Pradip Sureka and the car that had been taken away by loan recovery agents. Picture by Pabitra Das
A businessman fed up of being harassed by debt collectors because of a wrong entry in his loan repayment record held three of them hostage until the bank clarified in writing that he wasn’t a defaulter.
Subhashis Chatterjee, 35, told Metro after the six-hour drama on Tuesday evening that he decided to take the “extreme step” after several intimidating calls from a loan recovery agency hired by ICICI Bank.
“The callers claimed that I hadn’t paid my personal loan EMI for March 2007, along with some extra charges for defaulting on repayment. I told them that I had documents to prove them wrong but they wouldn’t listen,” he said.
Subhashis, a resident of Sarojini Pally in Barasat, had taken a personal loan of Rs 50,000 from ICICI Bank in January last year to expand his air-conditioning and fridge repairing business. The EMI was fixed at Rs 2,406 for 36 months.
The businessman, who had opted for electronic clearance instead of giving post-dated cheques, defaulted on the second EMI because of insufficient funds in his account. “The bank sent a collection agent to my home a few days later and I paid the EMI in cash,” he said.
Subhashis thought the matter was settled but a representative of the bank called two months later to say that he had “missed” the EMI for March. When he went to the Gurusaday Road branch of ICICI Bank to enquire why he was being harassed, it turned out that the culprit was the collection agent.
“The loan account number he wrote in the receipt was not mine. The bank rectified the error and assured me that I would not receive any more calls,” Subhashis recalled.
But an official of ICICI Bank called Subhashis again a few days later and requested him to visit the branch for a “clarification”. On reaching the Gurusaday Road branch, he was asked to speak to a bank official in New Delhi over phone. “I had to repeat what I had said earlier, after which the official said there would be no more confusion.”

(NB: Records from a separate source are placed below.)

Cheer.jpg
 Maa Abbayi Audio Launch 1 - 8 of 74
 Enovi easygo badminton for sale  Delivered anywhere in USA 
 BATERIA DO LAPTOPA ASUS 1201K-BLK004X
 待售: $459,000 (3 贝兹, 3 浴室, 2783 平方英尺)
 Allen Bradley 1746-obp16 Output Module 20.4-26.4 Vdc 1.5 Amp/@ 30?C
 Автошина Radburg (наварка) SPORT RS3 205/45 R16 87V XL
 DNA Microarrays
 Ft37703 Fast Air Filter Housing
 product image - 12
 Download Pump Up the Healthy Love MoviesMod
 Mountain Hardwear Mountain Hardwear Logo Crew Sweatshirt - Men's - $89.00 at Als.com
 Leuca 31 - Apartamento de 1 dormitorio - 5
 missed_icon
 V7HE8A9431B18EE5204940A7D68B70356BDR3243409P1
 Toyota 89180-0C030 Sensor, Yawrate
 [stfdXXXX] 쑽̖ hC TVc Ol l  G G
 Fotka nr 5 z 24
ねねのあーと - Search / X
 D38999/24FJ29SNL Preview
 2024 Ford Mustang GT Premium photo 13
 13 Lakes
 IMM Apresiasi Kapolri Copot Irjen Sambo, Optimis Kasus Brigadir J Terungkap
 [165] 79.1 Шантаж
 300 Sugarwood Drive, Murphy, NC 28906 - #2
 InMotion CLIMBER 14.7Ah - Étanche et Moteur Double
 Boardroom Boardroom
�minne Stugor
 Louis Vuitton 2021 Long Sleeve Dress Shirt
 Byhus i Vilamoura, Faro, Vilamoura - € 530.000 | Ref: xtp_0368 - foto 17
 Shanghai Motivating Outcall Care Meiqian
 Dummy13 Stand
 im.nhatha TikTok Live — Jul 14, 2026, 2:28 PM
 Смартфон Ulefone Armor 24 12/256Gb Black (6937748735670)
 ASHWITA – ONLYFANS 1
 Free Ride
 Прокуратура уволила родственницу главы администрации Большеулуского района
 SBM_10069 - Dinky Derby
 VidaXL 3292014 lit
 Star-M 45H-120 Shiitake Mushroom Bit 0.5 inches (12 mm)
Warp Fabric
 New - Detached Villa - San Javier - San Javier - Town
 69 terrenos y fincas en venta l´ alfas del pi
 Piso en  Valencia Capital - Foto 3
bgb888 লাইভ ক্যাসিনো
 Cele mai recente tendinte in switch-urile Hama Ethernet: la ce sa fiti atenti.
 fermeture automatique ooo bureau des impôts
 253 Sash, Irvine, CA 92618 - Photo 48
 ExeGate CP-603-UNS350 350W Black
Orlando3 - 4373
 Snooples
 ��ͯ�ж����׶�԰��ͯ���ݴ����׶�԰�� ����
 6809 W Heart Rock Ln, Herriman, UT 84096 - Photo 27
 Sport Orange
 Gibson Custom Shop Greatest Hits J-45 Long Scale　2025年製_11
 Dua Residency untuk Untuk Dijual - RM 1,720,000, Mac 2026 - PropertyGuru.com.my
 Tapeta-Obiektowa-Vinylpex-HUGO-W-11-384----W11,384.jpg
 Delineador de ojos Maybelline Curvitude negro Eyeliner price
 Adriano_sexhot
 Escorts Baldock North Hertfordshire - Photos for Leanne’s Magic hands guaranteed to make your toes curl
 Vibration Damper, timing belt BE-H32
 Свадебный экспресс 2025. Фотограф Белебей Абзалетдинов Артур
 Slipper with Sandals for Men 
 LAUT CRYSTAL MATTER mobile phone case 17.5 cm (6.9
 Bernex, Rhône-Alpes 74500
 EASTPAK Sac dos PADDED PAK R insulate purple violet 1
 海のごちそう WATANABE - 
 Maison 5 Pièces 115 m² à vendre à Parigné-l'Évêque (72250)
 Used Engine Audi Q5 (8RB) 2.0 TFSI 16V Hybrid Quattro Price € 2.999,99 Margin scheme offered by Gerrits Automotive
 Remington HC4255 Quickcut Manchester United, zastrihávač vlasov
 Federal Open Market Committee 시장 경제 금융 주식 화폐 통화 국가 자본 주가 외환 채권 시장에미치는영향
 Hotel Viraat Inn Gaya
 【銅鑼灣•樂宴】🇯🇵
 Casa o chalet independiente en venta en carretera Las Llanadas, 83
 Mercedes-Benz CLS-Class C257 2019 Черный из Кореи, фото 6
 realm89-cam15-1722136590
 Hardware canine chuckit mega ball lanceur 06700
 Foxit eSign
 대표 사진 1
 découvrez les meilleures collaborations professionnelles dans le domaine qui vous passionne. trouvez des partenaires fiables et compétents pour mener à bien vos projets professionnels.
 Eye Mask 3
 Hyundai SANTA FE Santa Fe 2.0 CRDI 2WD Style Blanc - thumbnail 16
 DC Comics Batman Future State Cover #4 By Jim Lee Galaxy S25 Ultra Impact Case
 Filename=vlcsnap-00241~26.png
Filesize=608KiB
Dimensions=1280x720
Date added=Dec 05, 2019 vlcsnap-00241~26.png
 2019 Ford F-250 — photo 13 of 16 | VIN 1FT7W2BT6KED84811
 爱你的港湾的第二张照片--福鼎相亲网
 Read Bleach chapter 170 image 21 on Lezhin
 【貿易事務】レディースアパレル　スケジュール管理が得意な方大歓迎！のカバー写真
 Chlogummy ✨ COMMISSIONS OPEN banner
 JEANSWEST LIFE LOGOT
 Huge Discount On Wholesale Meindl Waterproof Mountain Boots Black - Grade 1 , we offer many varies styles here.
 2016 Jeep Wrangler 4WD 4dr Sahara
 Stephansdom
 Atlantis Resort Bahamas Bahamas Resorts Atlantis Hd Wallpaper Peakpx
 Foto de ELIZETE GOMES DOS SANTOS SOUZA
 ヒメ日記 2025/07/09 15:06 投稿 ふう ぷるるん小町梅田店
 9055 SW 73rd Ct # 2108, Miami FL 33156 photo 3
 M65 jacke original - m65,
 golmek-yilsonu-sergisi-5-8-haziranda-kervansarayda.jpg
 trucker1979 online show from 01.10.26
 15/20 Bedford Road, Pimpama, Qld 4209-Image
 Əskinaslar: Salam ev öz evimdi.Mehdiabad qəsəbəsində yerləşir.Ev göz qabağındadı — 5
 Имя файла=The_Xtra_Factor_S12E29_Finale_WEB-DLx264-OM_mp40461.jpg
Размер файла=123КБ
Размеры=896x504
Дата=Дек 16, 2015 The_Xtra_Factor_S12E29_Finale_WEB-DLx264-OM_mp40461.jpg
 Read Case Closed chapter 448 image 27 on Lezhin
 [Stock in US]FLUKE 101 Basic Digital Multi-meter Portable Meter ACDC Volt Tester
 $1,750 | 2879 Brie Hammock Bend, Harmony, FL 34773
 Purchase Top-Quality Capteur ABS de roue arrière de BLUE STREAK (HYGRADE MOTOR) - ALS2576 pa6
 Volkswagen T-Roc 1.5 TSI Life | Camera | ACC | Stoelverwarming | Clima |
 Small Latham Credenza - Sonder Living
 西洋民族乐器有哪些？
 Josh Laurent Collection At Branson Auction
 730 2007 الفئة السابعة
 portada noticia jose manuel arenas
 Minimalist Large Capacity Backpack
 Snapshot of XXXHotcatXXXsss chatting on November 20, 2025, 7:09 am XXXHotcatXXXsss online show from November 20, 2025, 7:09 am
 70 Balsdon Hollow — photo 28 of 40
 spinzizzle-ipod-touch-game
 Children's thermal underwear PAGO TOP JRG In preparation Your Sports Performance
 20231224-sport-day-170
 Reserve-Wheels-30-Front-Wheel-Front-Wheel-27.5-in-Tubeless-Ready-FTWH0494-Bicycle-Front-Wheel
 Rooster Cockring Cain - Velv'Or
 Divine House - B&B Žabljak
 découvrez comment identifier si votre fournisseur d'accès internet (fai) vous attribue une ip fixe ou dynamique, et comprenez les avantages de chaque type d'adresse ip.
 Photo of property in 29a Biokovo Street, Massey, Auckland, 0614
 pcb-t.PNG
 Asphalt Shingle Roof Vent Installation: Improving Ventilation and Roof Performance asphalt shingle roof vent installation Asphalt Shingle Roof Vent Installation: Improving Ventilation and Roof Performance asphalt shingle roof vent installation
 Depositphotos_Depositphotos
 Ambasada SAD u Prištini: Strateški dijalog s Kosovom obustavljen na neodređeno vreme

Subhashis continued paying his EMIs — 21 out of 36 till this month — and forgot about the dispute until a collection agent called on October 17 and said he owed the bank an extra Rs 4,300, payable immediately. Another caller said the outstanding amount was Rs 1,906.
More calls followed over the next few days, some of them allegedly threatening ones. “A couple of callers even abused my family members,” Subhashis said.
After consulting some friends, he decided to teach them a lesson. When a collection agent called on Monday, Subhashis asked him to come to his residence on Tuesday and take the “outstanding amount” in cash.
The collector arrived at Subhashis’s home around noon and immediately wrote a receipt. Subhashis showed him his bank statement and the receipt for the March ’07 EMI that he paid in cash but the collector wasn’t convinced. “You can call the police or go to court but I won’t leave without the payment,” Subhashis quoted him as saying.
Subhashis and his friends, who had arrived by then, took the collector to a room and asked him to call his senior. When two more representatives of the bank, one of them a supervisor, arrived an hour later, they were asked to speak to the bank and ask for the complete repayment statement.
The trio were allowed to go only after a bank statement was emailed to the supervisor and he took a printout from a nearby cyber café to give Subhashis.
A spokesman for ICICI Bank admitted that Subhashis had been unnecessarily harassed but said his method of getting justice was illegal. “We could have lodged a police complaint but didn’t do so because he apologised for holding our men hostage.”